Most of us in the tax preparer world have had this rather uncomfortable conversation by now. Our client calls saying they met so and so at some expo, networking event or heard them on social media talking about their business being owed a bunch of money from the IRS for the Employee Retention Credit.
There are pop up ERTC “processors” coming out of the woodwork and even advertising now. I personally see an ad on social media in addition to receiving a call on my office line at least once per week. It sounds attractive to our clients no doubt, up to $26,000 per employee in seemingly “free” money.
But as most of us know, if it seems too good to be true, it probably is.
The conversation gets dicey when we, as EAs and CPAs fielding these types of questions, have to politely explain to our clients why they don’t qualify for these credits. Pop up shops around the country are calculating credits with no real due diligence and using bogus claims to help clients “qualify” on the surface. We are made to look like the bad cop when we swoop in and suggest that our client isn’t entitled to millions in free funds.
These shops have a lot of red flags and it may help to point some out to your clients.
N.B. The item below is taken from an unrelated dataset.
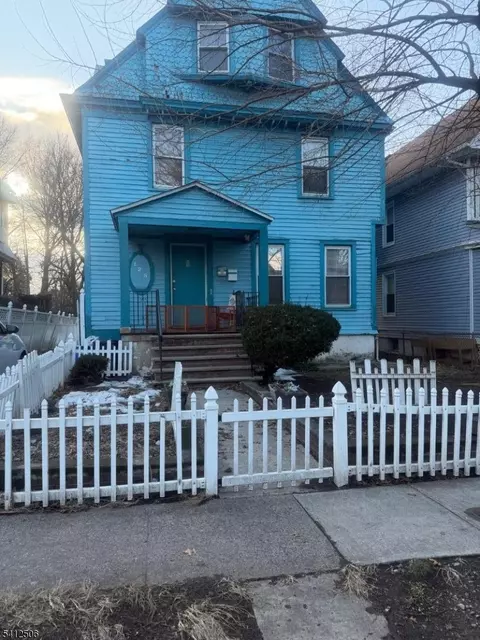 125 Washington St, East Orange, NJ 07017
For one, most of them have contracts that absolve them of any liability should the credits turn out to not be legitimate or have issues later on, like say under an audit.
Many of them are taking their fees (huge fees) from the credits themselves. In other words, if you are audited after having to return any or all of the money, you now will have to pay back the huge chunk also paid to the pop-up firm that calculated it for you because you signed a liability waiver and they took their fee before issuing the credit to you. Some shops are not even willing to sign the forms clients have to send to the IRS.
Helping clients understand the risks might make these conversations easier. The IRS is fully aware of the rampant fraud pertaining to ERTC and crackdowns are expected to come with more force.